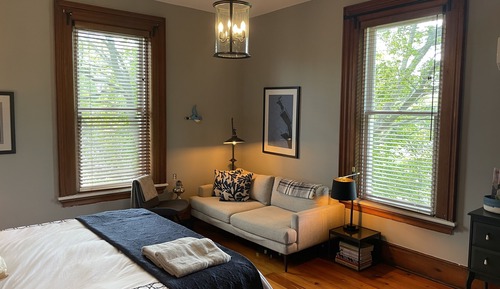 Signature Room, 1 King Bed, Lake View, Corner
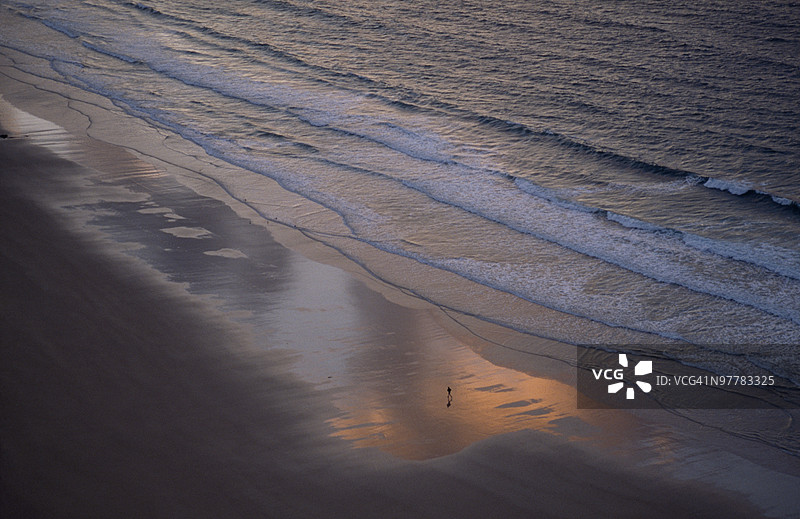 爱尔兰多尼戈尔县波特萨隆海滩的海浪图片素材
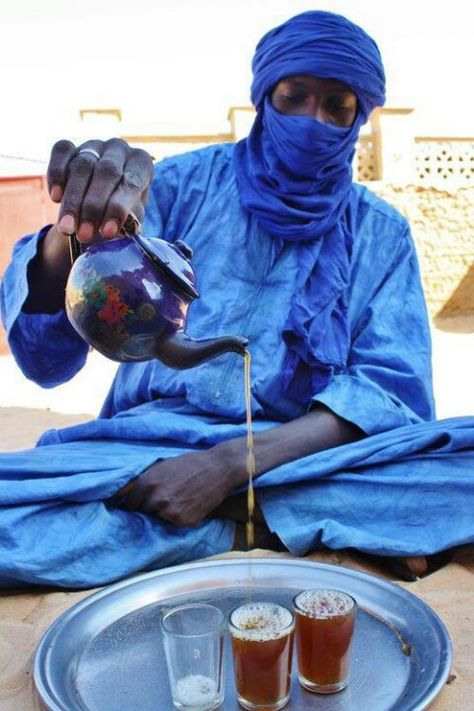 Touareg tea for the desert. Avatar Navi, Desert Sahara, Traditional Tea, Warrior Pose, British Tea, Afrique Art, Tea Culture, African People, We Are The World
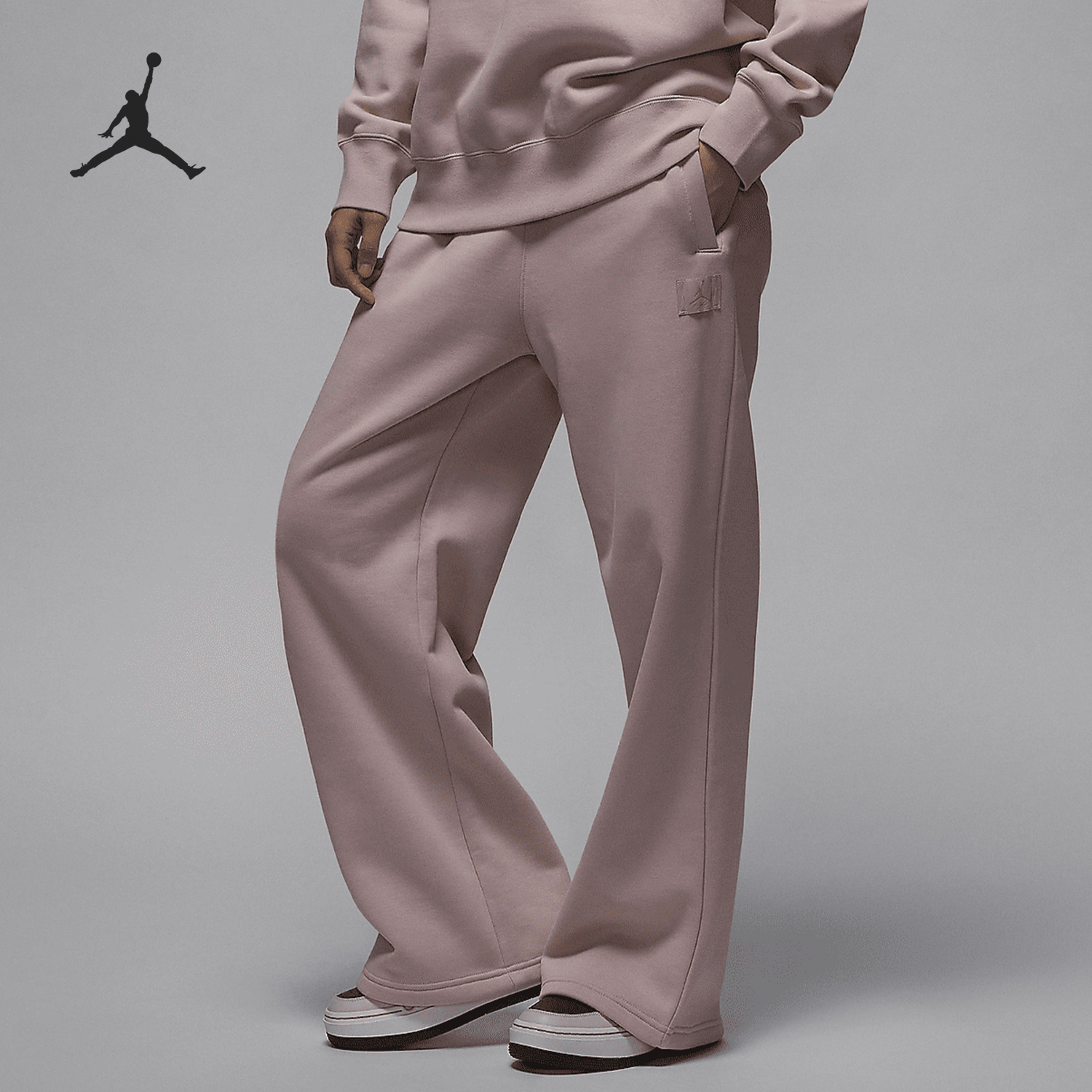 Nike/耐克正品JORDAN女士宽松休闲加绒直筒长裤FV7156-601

--

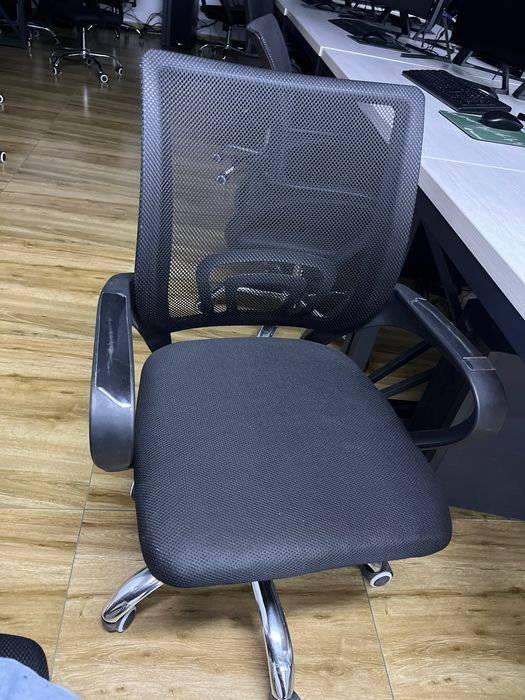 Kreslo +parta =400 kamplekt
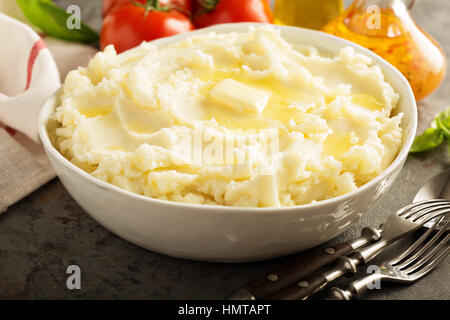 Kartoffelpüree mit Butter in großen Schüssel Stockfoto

**Work instructions**. Among the entries above, locate the line with "Touareg tea for" and the line with "Nike/耐克正品JORDAN女士宽松休闲加绒直筒长裤FV7156-601". Give those two lines and all lines between them again, exactly, leaving out the pictures.

**The answer**.
 Touareg tea for the desert. Avatar Navi, Desert Sahara, Traditional Tea, Warrior Pose, British Tea, Afrique Art, Tea Culture, African People, We Are The World
 Nike/耐克正品JORDAN女士宽松休闲加绒直筒长裤FV7156-601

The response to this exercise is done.